Here is an example how I did it for the galactica-30b model:
Run the following code to explore the current mapping that gives the CUDA error

tokenizer = AutoTokenizer.from_pretrained("facebook/galactica-30b")    
model = OPTForCausalLM.from_pretrained("facebook/galactica-30b", device_map=device_map,  torch_dtype=torch.float16)  

model.hf_device_map

It will output a dictionary of the map like:

{'model.decoder.embed_tokens': 0,
 'lm_head': 0,
 'model.decoder.embed_positions': 0,
 'model.decoder.final_layer_norm': 0,
 'model.decoder.layers.0': 0,
...
 'model.decoder.layers.5': 0,
 'model.decoder.layers.6': 0,
 'model.decoder.layers.7': 0,
 'model.decoder.layers.8': 1,
...
 'model.decoder.layers.14': 1,
 'model.decoder.layers.15': 1,
 'model.decoder.layers.16': 1,
 'model.decoder.layers.17': 1,
 'model.decoder.layers.18': 'cpu',
...
 'model.decoder.layers.45': 'cpu',
 'model.decoder.layers.46': 'cpu',
 'model.decoder.layers.47': 'cpu'}

Change the numbers of GPU 0 and GPU 1 to make it a bit less and move those layers to the CPU by the following before initializing the model when you execute the script the next time: (Note the layers 7 and 14, 15 how I changed them to decrease the mapping on gpus 0 and 1)

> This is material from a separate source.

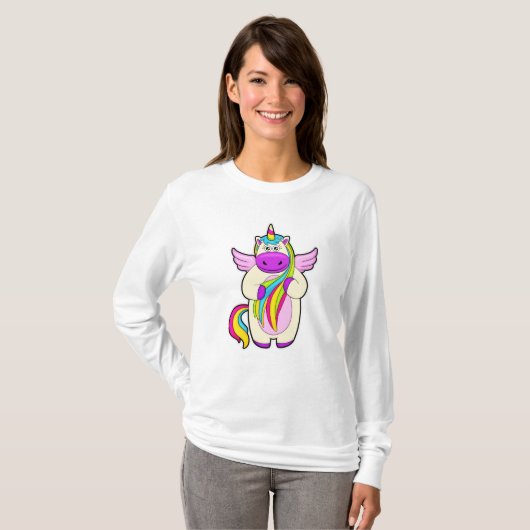 Unicorn met kleurrijke stoelen t-shirt (Voorkant volledig)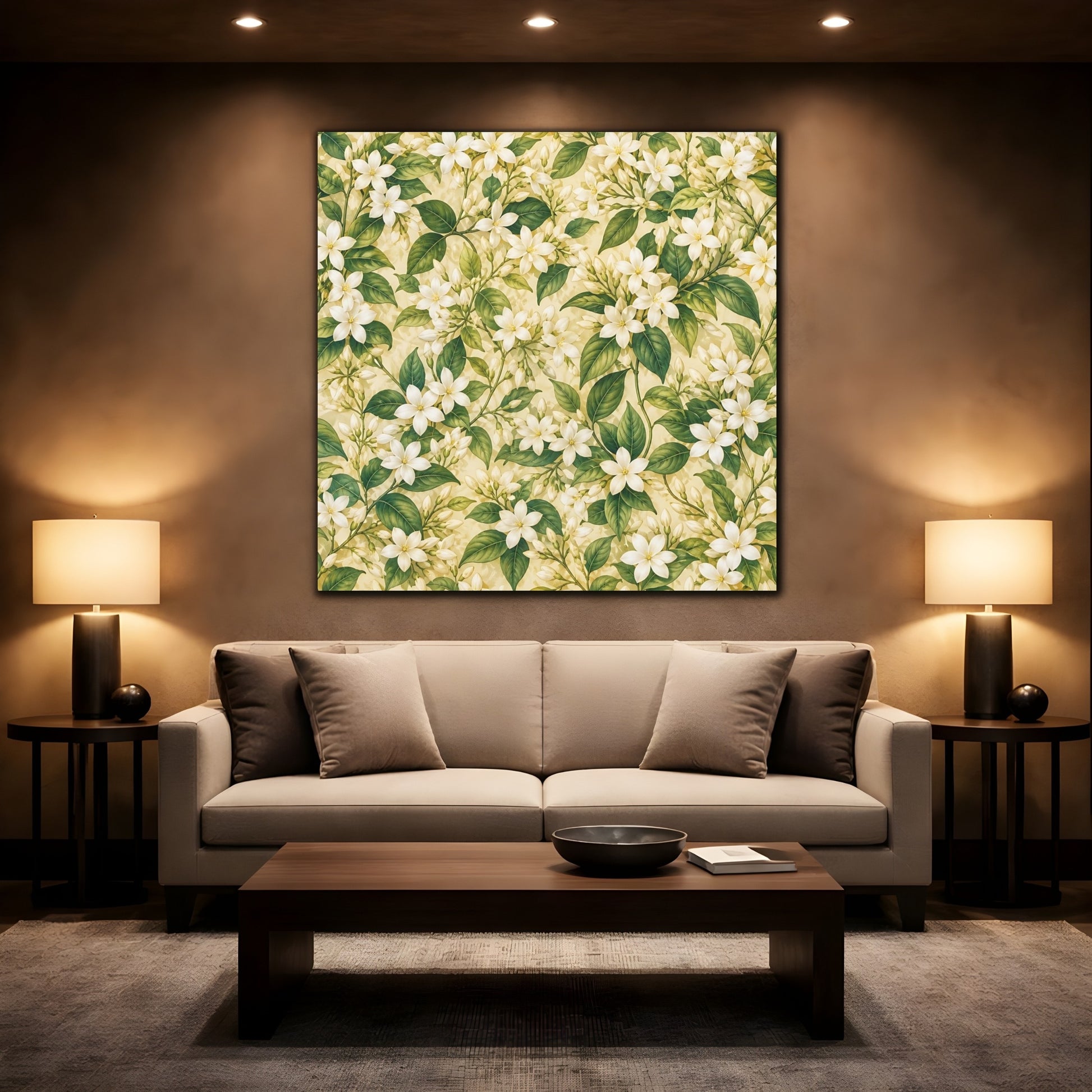 Mockup 2. Floral Jasmine Flowers White Green Floral shown as stretched canvas wall art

device_map = {'model.decoder.embed_tokens': 0,
 'lm_head': 0,
 'model.decoder.embed_positions': 0,
 'model.decoder.final_layer_norm': 0,
 'model.decoder.layers.0': 0,
 'model.decoder.layers.1': 0,
 'model.decoder.layers.2': 0,
 'model.decoder.layers.3': 0,
 'model.decoder.layers.4': 0,
 'model.decoder.layers.5': 0,
 'model.decoder.layers.6': 0,
 'model.decoder.layers.7': 1,
 'model.decoder.layers.8': 1,
 'model.decoder.layers.9': 1,
 'model.decoder.layers.10': 1,
 'model.decoder.layers.11': 1,
 'model.decoder.layers.12': 1,
 'model.decoder.layers.13': 1,
 'model.decoder.layers.14': 1,
 'model.decoder.layers.15': 1,
 'model.decoder.layers.16': 'cpu',
 'model.decoder.layers.17': 'cpu',
 'model.decoder.layers.18': 'cpu',
 'model.decoder.layers.19': 'cpu',
 'model.decoder.layers.20': 'cpu',
 'model.decoder.layers.21': 'cpu',
 'model.decoder.layers.22': 'cpu',
 'model.decoder.layers.23': 'cpu',
 'model.decoder.layers.24': 'cpu',
 'model.decoder.layers.25': 'cpu',
 'model.decoder.layers.26': 'cpu',
 'model.decoder.layers.27': 'cpu',
 'model.decoder.layers.28': 'cpu',
 'model.decoder.layers.29': 'cpu',
 'model.decoder.layers.30': 'cpu',
 'model.decoder.layers.31': 'cpu',
 'model.decoder.layers.32': 'cpu',
 'model.decoder.layers.33': 'cpu',
 'model.decoder.layers.34': 'cpu',
 'model.decoder.layers.35': 'cpu',
 'model.decoder.layers.36': 'cpu',
 'model.decoder.layers.37': 'cpu',
 'model.decoder.layers.38': 'cpu',
 'model.decoder.layers.39': 'cpu',
 'model.decoder.layers.40': 'cpu',
 'model.decoder.layers.41': 'cpu',
 'model.decoder.layers.42': 'cpu',
 'model.decoder.layers.43': 'cpu',
 'model.decoder.layers.44': 'cpu',
 'model.decoder.layers.45': 'cpu',
 'model.decoder.layers.46': 'cpu',
 'model.decoder.layers.47': 'cpu'}

tokenizer = AutoTokenizer.from_pretrained("facebook/galactica-30b")  
model = OPTForCausalLM.from_pretrained("facebook/galactica-30b", device_map=device_map,  torch_dtype=torch.float16)  # GPU: manually device mapped # do not map to disk (no disk offloading)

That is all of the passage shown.